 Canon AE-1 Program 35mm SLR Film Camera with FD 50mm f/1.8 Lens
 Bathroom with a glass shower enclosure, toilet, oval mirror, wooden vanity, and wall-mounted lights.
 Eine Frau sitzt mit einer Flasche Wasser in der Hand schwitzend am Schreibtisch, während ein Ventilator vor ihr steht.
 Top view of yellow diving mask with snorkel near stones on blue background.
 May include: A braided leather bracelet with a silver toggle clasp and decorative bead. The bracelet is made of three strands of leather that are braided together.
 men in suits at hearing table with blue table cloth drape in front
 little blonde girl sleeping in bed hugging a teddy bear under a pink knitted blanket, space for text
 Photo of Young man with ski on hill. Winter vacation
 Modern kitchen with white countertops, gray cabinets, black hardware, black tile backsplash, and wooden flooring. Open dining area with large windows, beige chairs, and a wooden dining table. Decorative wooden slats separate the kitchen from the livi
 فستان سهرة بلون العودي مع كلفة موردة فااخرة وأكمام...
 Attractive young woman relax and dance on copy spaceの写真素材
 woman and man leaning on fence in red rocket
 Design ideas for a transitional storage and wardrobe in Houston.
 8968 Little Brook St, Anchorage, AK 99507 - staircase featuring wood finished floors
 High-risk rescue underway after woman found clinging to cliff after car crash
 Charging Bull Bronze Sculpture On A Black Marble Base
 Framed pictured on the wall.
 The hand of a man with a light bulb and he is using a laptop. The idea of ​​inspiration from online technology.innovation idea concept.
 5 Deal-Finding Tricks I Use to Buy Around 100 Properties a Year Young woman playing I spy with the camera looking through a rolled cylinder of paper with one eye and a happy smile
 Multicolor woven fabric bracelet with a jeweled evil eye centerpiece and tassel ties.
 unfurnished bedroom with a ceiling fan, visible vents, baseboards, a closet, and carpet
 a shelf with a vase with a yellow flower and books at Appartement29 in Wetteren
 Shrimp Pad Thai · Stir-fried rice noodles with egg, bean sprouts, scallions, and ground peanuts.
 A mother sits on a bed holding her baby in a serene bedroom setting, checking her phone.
------------------------------
### Try it
From the line holding "High-risk rescue underway" to the end of the listing, copy every line exactly, both ends included, and add nothing.

### Response to this task
 High-risk rescue underway after woman found clinging to cliff after car crash
 Charging Bull Bronze Sculpture On A Black Marble Base
 Framed pictured on the wall.
 The hand of a man with a light bulb and he is using a laptop. The idea of ​​inspiration from online technology.innovation idea concept.
 5 Deal-Finding Tricks I Use to Buy Around 100 Properties a Year Young woman playing I spy with the camera looking through a rolled cylinder of paper with one eye and a happy smile
 Multicolor woven fabric bracelet with a jeweled evil eye centerpiece and tassel ties.
 unfurnished bedroom with a ceiling fan, visible vents, baseboards, a closet, and carpet
 a shelf with a vase with a yellow flower and books at Appartement29 in Wetteren
 Shrimp Pad Thai · Stir-fried rice noodles with egg, bean sprouts, scallions, and ground peanuts.
 A mother sits on a bed holding her baby in a serene bedroom setting, checking her phone.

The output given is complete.